The second motion is what made me truly understand some of the misfirings of the judicial process. The motion was for a preliminary injunction with regards to two different corporations. The lawyers were elegant, prepared, and thoughtful. They raised important issues about utilitarianism, artful beauty, and intellectual property. They were talking about massive dildo sculptures.

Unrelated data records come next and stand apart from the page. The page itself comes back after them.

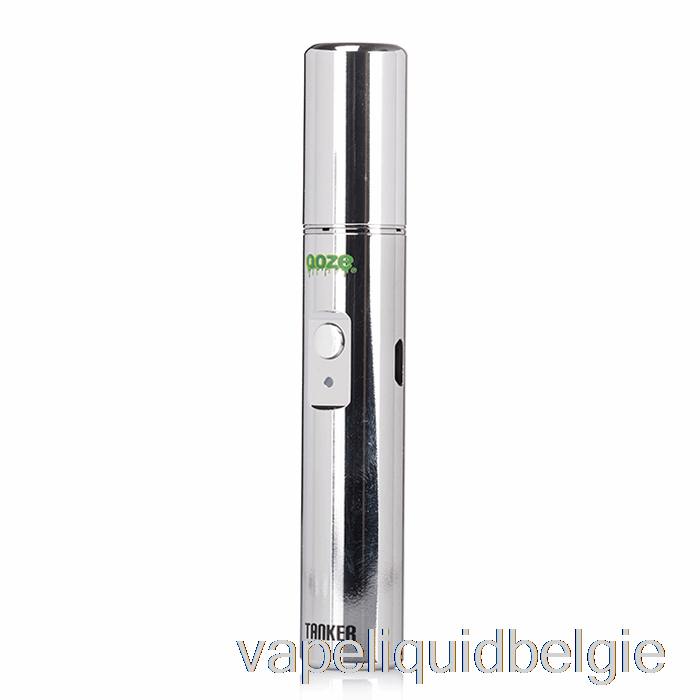 Vape Smaken Ooze Tanker 650mah Extract Batterij Chroom
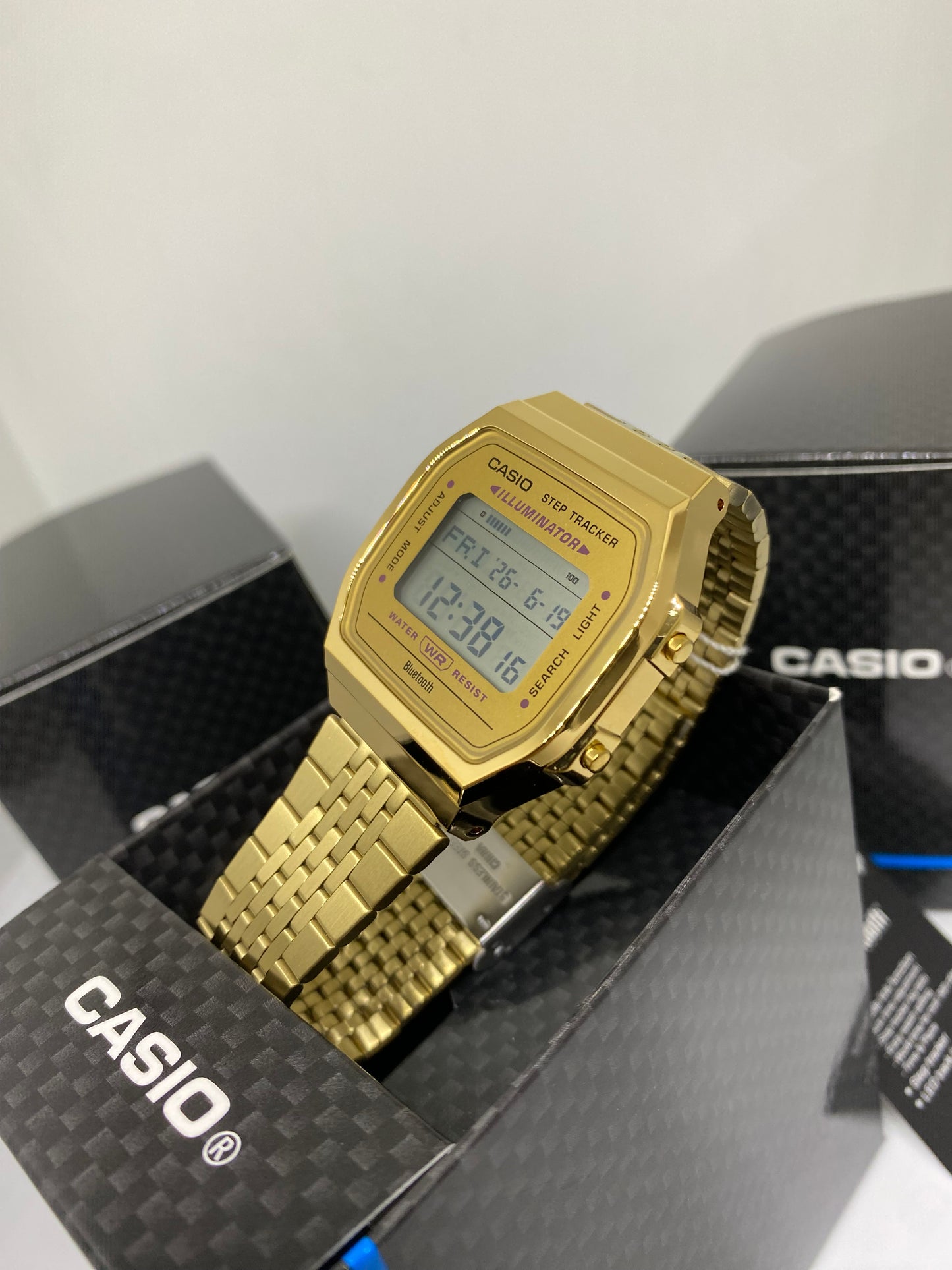 RELOJ CASIO ABL-100WEG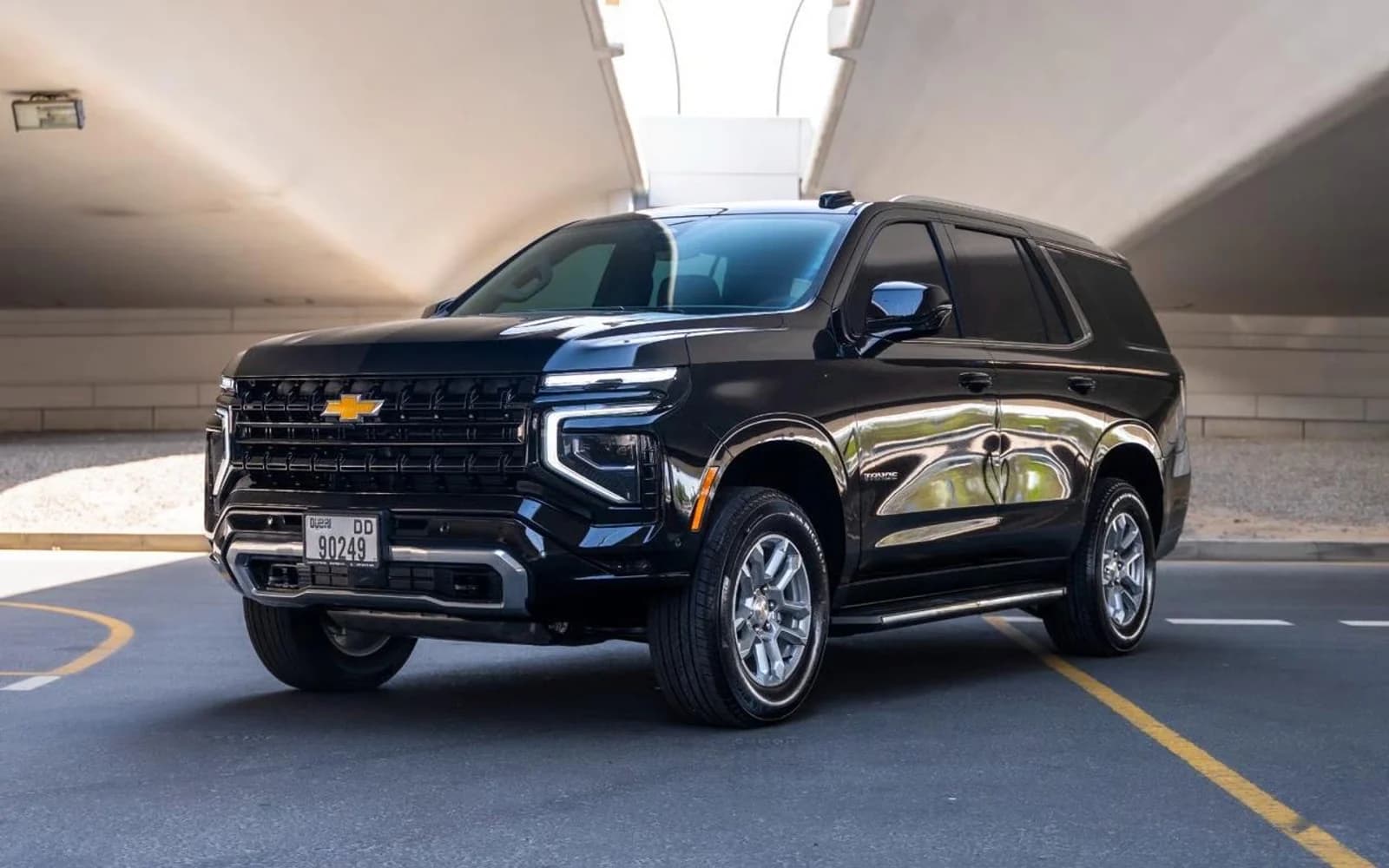 Chevrolet Tahoe image 1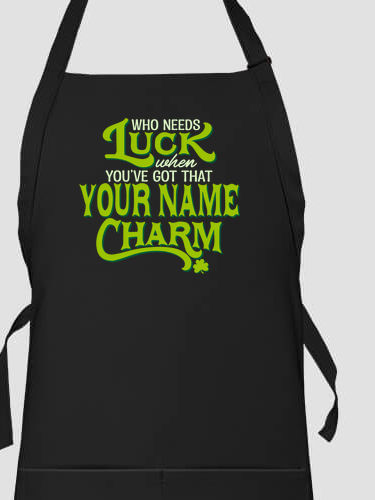 Irish Charm : Printed Aprons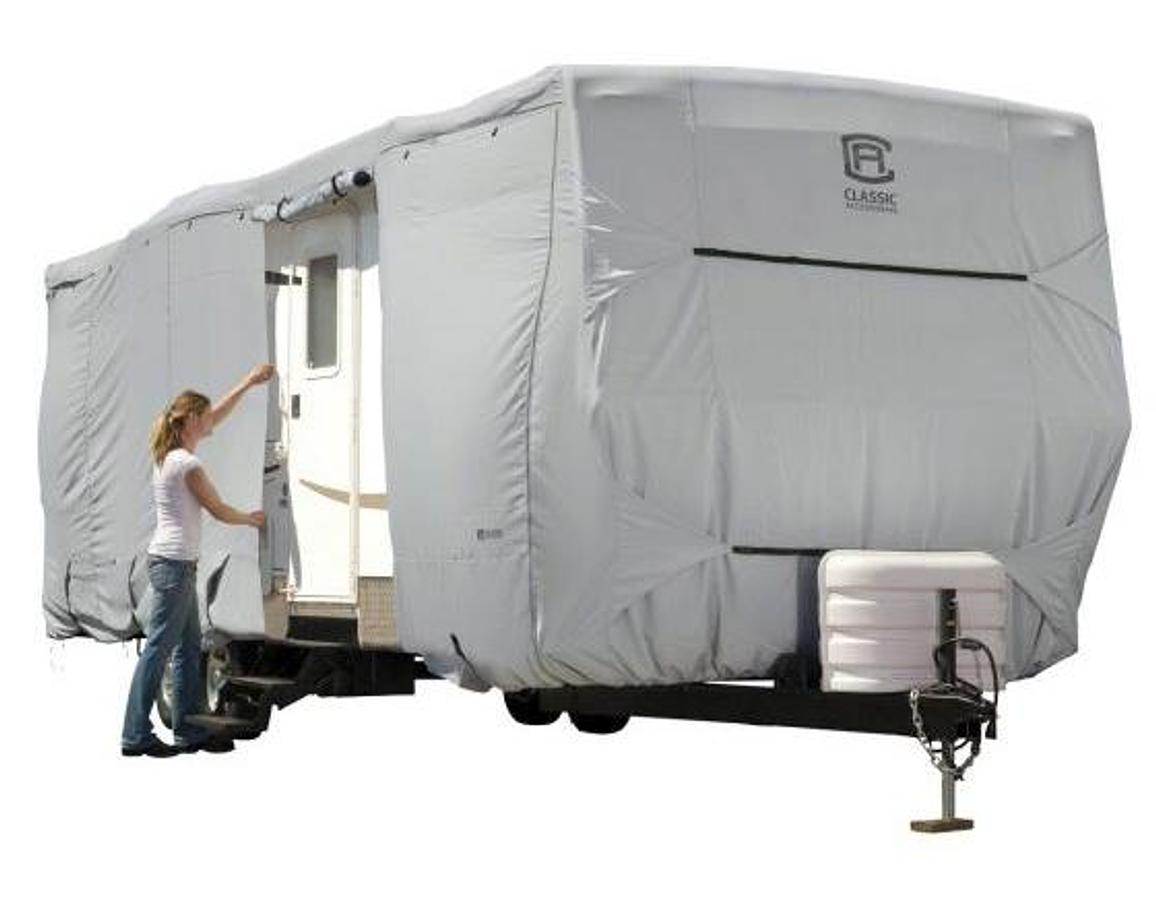 Permapro Travel Cover, Fits 20' - 22'
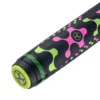 Poison VX Break Cue with Venom Carbon Fiber Shaft - Green/Pink - Image 3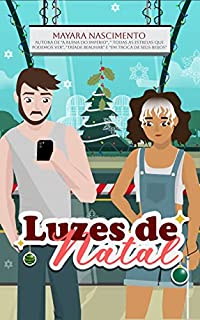 Livro Luzes de Natal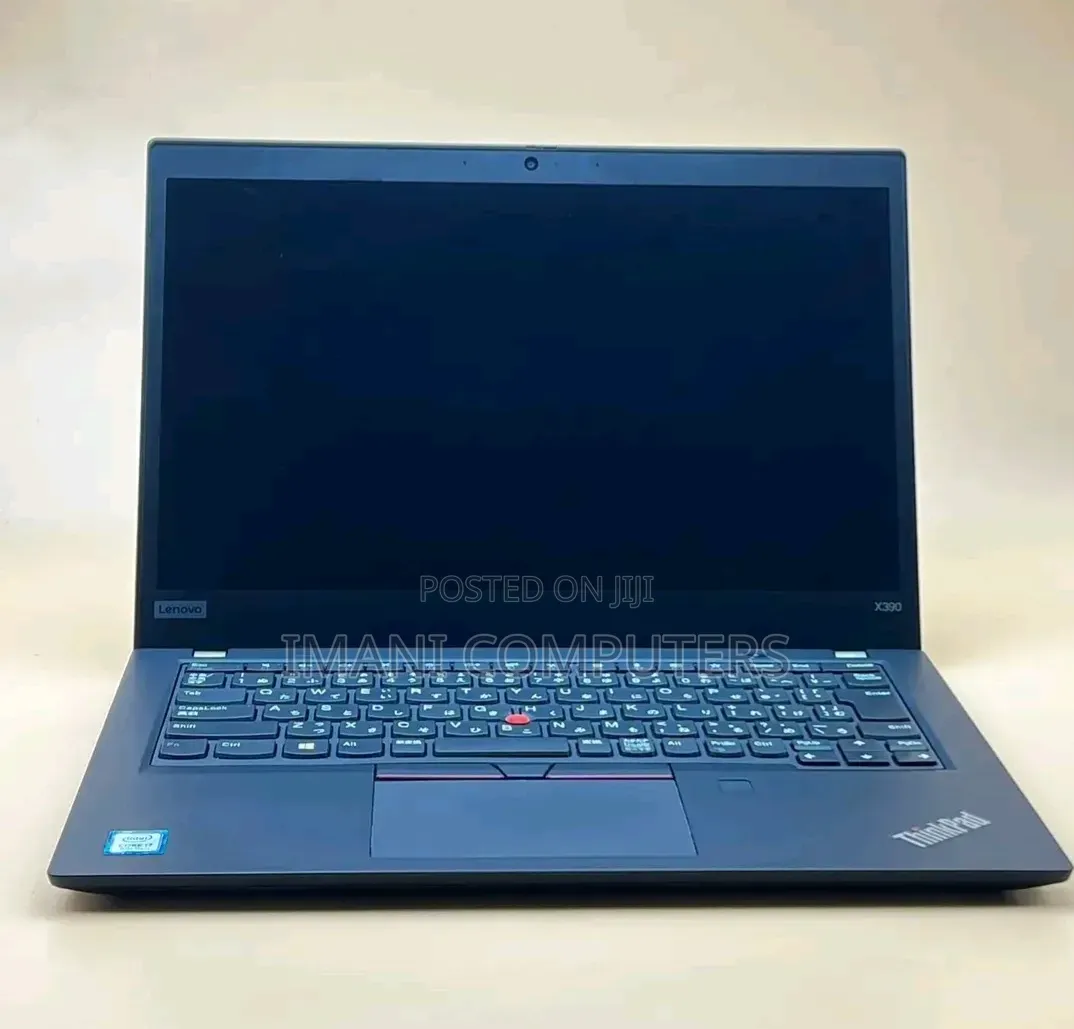 Laptop Lenovo ThinkPad X390 16GB Intel Core i5 SSD 512GB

Is this really how society should work? The best lawyers often are arguing the most useless (yet hilarious) issues, while the mail worker that was the subject of racial discrimination, in his 15th year of litigation, was represented by someone that could not put together a coherent statement on a single legal issue. I suppose it must be true that skill goes where the money is, but I hope that some of my fellow Boalties decide to embark on the path of greatest resistance, and help those that need it the most. And after today, I am more certain than ever that they need it.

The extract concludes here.